**WHAT TO PRODUCE:** Below is a listing from which only part is wanted; return exactly the lines from the one with "Hard Gel Designs, Cute" up to and including the one with "Claviers sans fil".

**DATA EXTRACT:**
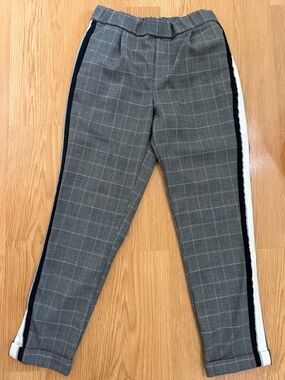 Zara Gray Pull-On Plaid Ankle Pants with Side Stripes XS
...
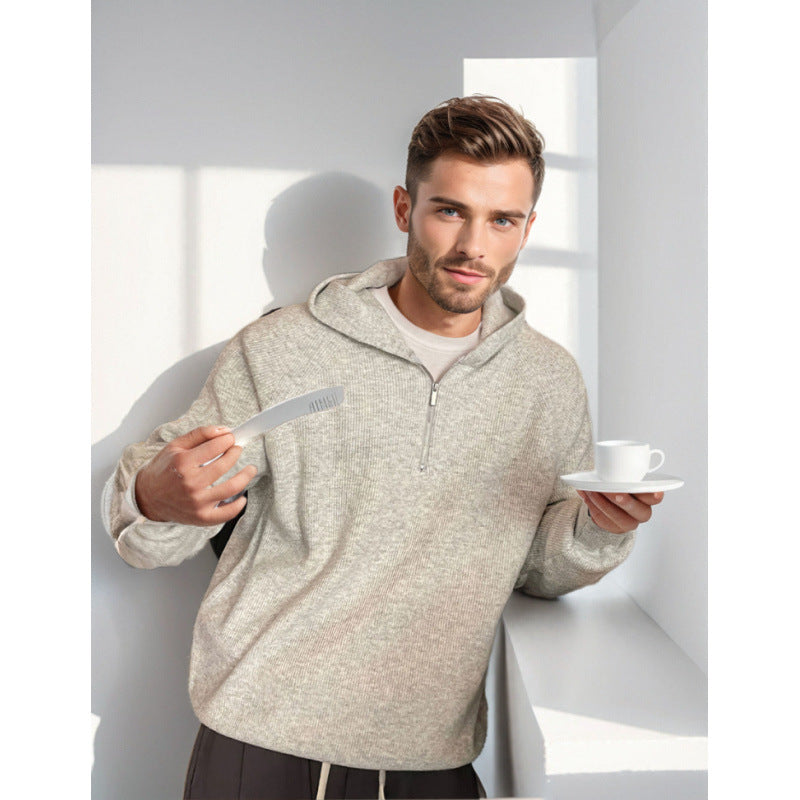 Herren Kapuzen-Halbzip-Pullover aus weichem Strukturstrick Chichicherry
--
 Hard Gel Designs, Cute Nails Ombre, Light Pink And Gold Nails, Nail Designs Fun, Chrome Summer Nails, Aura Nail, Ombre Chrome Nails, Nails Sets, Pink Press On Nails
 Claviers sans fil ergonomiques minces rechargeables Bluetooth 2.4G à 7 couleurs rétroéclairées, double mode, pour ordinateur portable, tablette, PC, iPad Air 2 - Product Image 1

**SOLUTION FOR THIS EXERCISE:**
 Hard Gel Designs, Cute Nails Ombre, Light Pink And Gold Nails, Nail Designs Fun, Chrome Summer Nails, Aura Nail, Ombre Chrome Nails, Nails Sets, Pink Press On Nails
 Claviers sans fil ergonomiques minces rechargeables Bluetooth 2.4G à 7 couleurs rétroéclairées, double mode, pour ordinateur portable, tablette, PC, iPad Air 2 - Product Image 1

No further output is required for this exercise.